Information provided: Begin

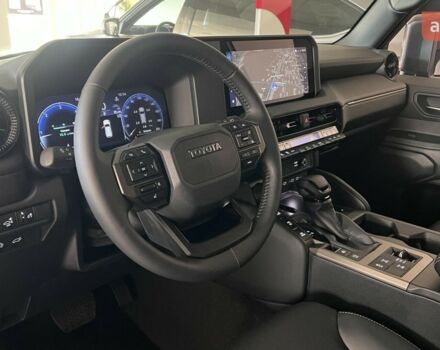 Тойота Ленд Крузер Прадо, объемом двигателя 2.8 л и пробегом 0 тыс. км за 62550 $, фото 6 на Automoto.ua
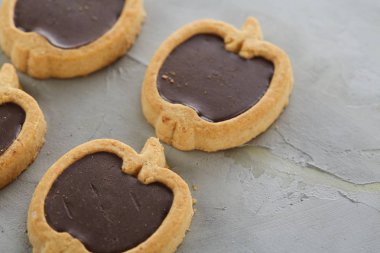 Apple satırlar hafif dokulu arka plan, yakın çekim, sığ derinlik-in tarla, seçici odak halinde düzenlenmiş bisküvi şeklinde.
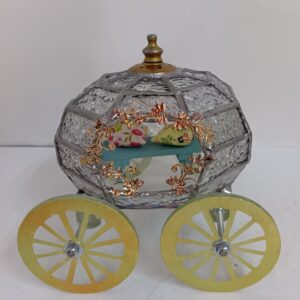 ステンドグラスの置き式ランプです。立体で出来たカボチャの馬車で玉虫色の輝くクリアーのガラスで出来ています。そこが付いて居て中に人形を飾る事も出来ます。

Information provided: End

◆ Exercise goal ◆
Set down the complete material exactly, but do not include the images.

◆ Answer to this problem ◆
 Тойота Ленд Крузер Прадо, объемом двигателя 2.8 л и пробегом 0 тыс. км за 62550 $, фото 6 на Automoto.ua
 Apple satırlar hafif dokulu arka plan, yakın çekim, sığ derinlik-in tarla, seçici odak halinde düzenlenmiş bisküvi şeklinde.
 ステンドグラスの置き式ランプです。立体で出来たカボチャの馬車で玉虫色の輝くクリアーのガラスで出来ています。そこが付いて居て中に人形を飾る事も出来ます。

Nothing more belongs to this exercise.